Associação de Desenvolvimento Sustentável e Solidário da Região Sisaleira (Apaeb), em Valente (BA) (http://www.apaeb.com.br/portal/): Tem como objetivo promover o desenvolvimento social e econômico sustentável e solidário, visando à melhoria da qualidade de vida da população da região sisaleira. A Apaeb foi criada após uma mobilização no final da década de 1970, quando os agricultores do Semiárido fizeram manifestação viajando até Salvador para pedir o fim do imposto que pagavam ao vender nas feiras livres o produto excedente da sua agricultura de subsistência caseira.
Centro de Agricultura Alternativa Vicente Nica (CAV), em Turmalina (MG) (http://www.centraldocerrado.org.br/comunidades/cav/): Com abrangência comunitária e regional, atua na difusão de tecnologias de agrossilvicultura, na recuperação ambiental e na preservação de nascentes, na produção de sistemas agroflorestais e no beneficiamento e comercialização de frutas desidratadas, mel e derivados de cana-de-açúcar, como a cachaça e o açúcar mascavo.
Cooperativa Central de Comercialização Extrativista do Acre (Cooperacre) , em Rio Branco (AC) (http://www.cooperacre.com/quem_somos.html): Central que congrega 20 cooperativas e associações espalhadas em mais de 10 municípios do Estado do Acre, atendendo mais de 1.800 famílias extrativistas. Tem como objetivo organizar, representar e garantir a sustentabilidade extrativista, agregando valor aos produtos, operando o resgate da credibilidade, da dignidade e da educação, promovendo a igualdade social, econômica e ambiental.
Cooperativa dos Beneficiários Artesanais de Castanha de Caju (RN) (Coopercaju), em Serra do Mel (RN) (http://www.caatingacerrado.com.br/coopercaju-cooperativa-dos-beneficiarios-artesanais-de-castanha-de-caju-rn/): Produz mensalmente 15 toneladas de castanha de caju, que são exportadas para países da Europa, como Suíça, Áustria e Itália.
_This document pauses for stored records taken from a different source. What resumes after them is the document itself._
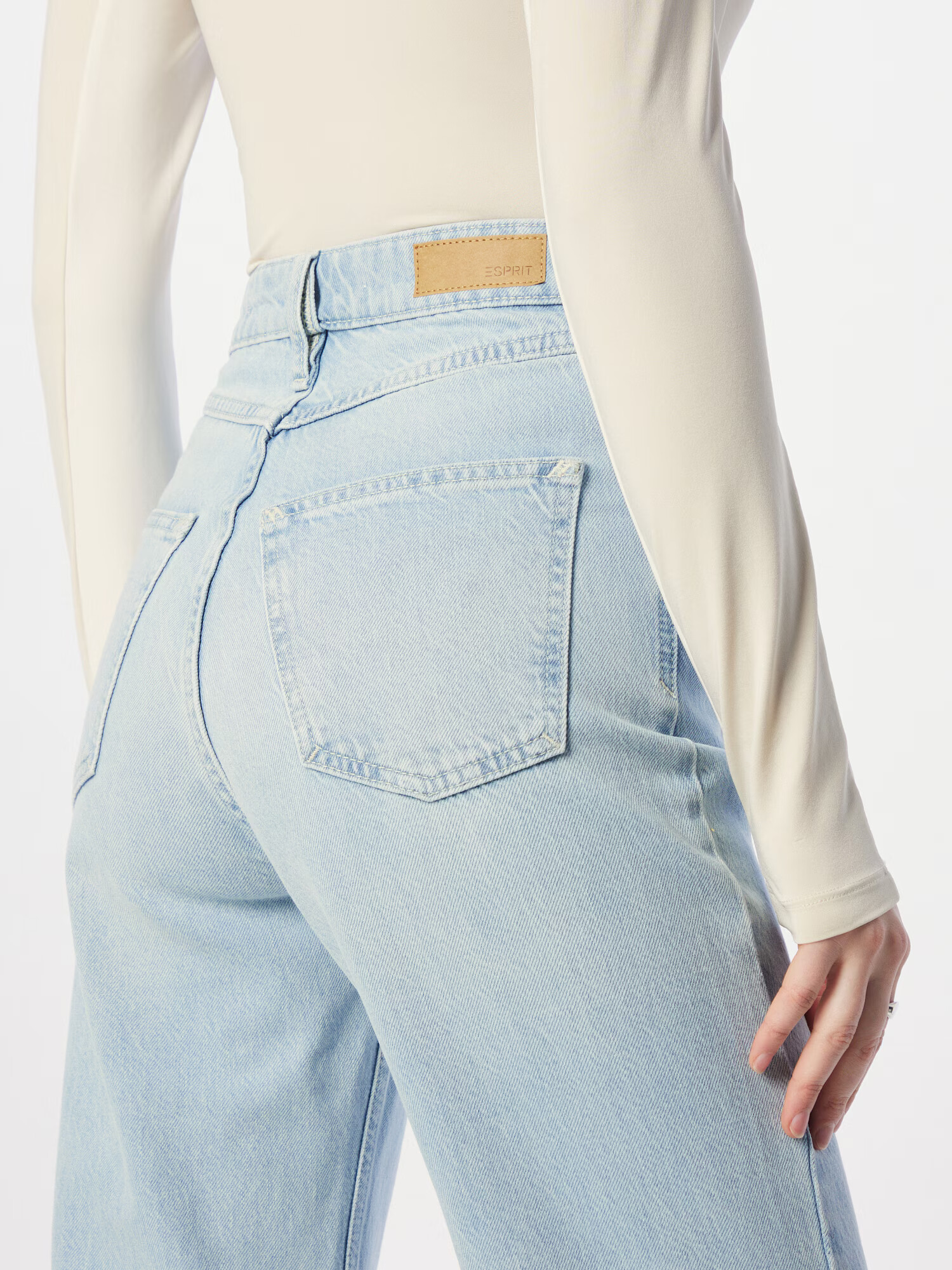 ESPRIT Jeans albastru - Pled.ro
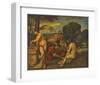 Rustic Concert-Giorgio Giorgione-Framed Collectable Print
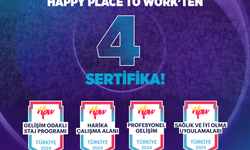 TEI’ye Happy Place to Work’ten 4 sertifika daha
Possui certificação orgânica do IBD e realiza o comércio justo e solidário.
Mobilizadores COEP – Quais as principais linhas de atuação da Capina? Que tipo de assessoria presta às organizações econômicas populares?
R.: Capina atua desenvolvendo tecnologias de formação que, superando a carência existente, sejam apropriadas para o fortalecimento dos empreendimentos associativos da economia dos setores populares. As atividades onde se aplicam estas tecnologias são cursos (viabilidade econômica e gestão democrática), oficinas (comercialização) e assessorias específicas (por demanda ? elaboração coletiva de planos de negócio, por exemplo).
Os Cursos de Viabilidade Econômica e Gestão Democrática visam contribuir para o fortalecimento da sustentabilidade dos empreendimentos econômicos populares, proporcionando formação para a elaboração de estudos de viabilidade econômica.
A ideia é qualificar o trabalho dos assessores, habilitando-os para discutirem as questões da sustentabilidade com os grupos que acompanham.
A primeira preocupação é desmistificar a complexidade das contas, demonstrando que, para se elaborar um bom Estudo de Viabilidade Econômica, é mais importante conhecer profundamente a atividade do que deter conhecimentos complicados de economia ou matemática.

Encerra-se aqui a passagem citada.